• **Task item**
Beneath this line sits some data. Return only its lines from the one holding "Чехол-книга Clear View" through the one holding "Arvinder Sabharwal, Executive", inclusive, exactly, with the images removed.

• **Given data**
########################################

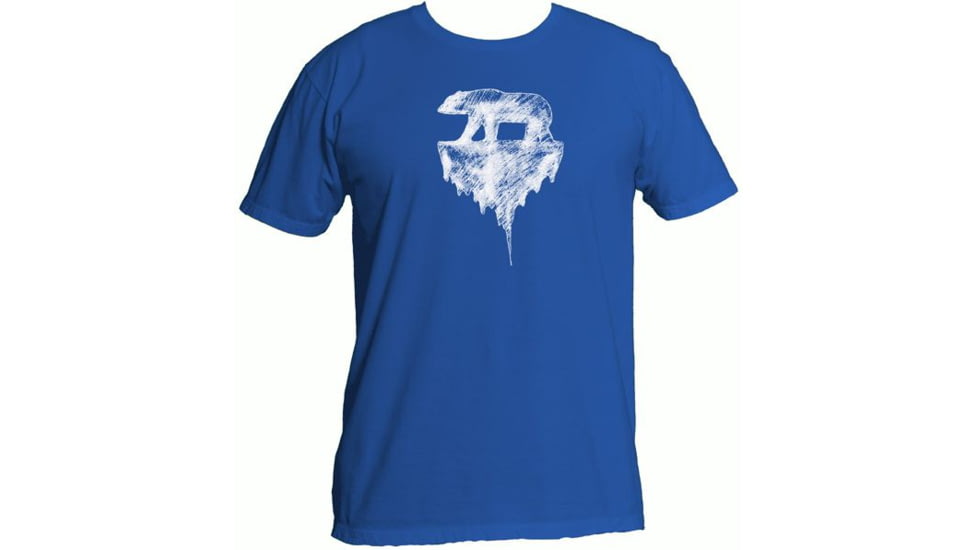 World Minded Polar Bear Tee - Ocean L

########################################

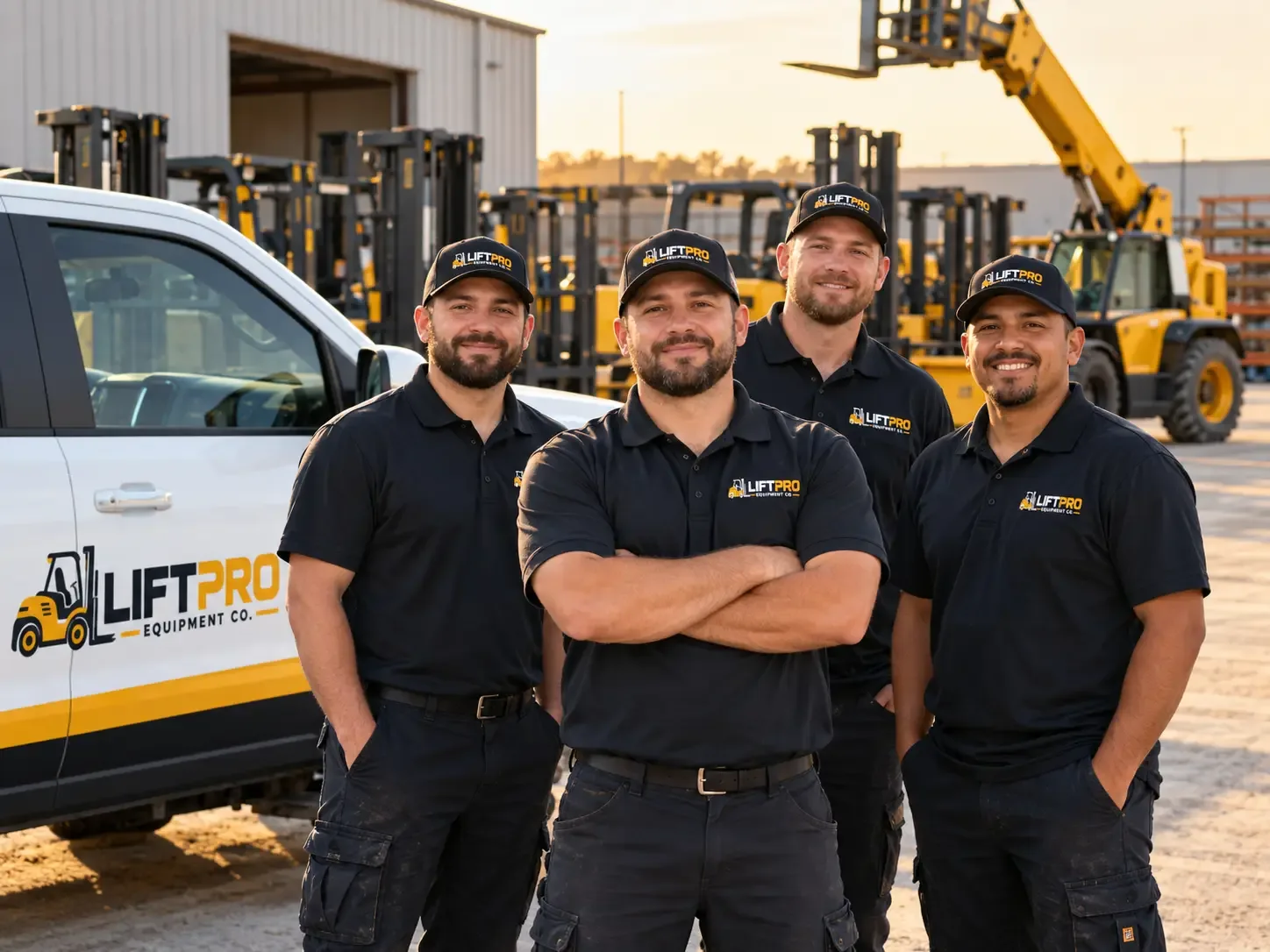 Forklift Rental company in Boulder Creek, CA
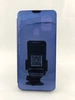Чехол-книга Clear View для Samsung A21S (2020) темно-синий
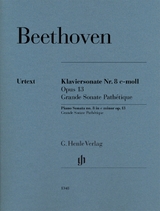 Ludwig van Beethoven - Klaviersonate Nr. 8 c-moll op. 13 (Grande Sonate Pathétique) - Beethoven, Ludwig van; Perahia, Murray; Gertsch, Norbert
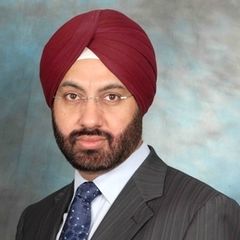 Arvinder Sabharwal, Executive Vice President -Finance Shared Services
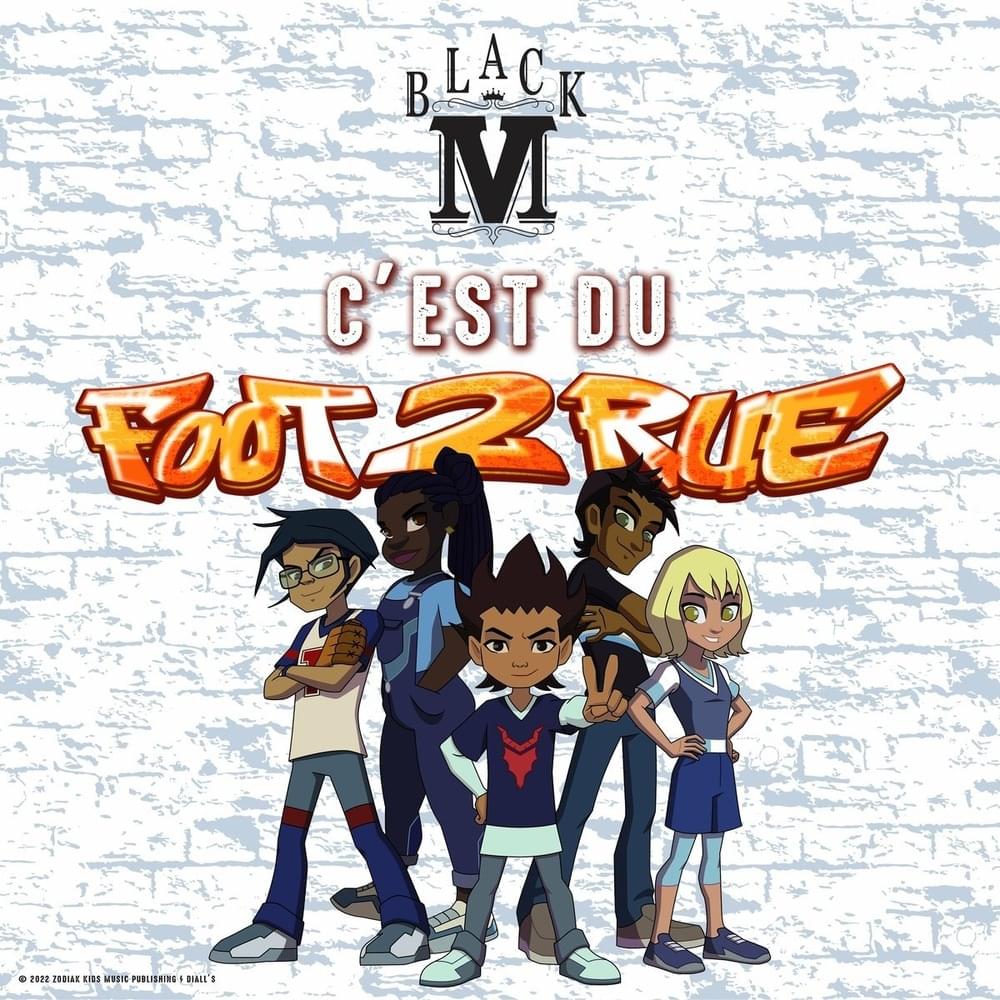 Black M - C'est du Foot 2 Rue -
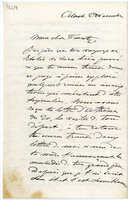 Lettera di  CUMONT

########################################

• **Solution**
Чехол-книга Clear View для Samsung A21S (2020) темно-синий
 Ludwig van Beethoven - Klaviersonate Nr. 8 c-moll op. 13 (Grande Sonate Pathétique) - Beethoven, Ludwig van; Perahia, Murray; Gertsch, Norbert
 Arvinder Sabharwal, Executive Vice President -Finance Shared Services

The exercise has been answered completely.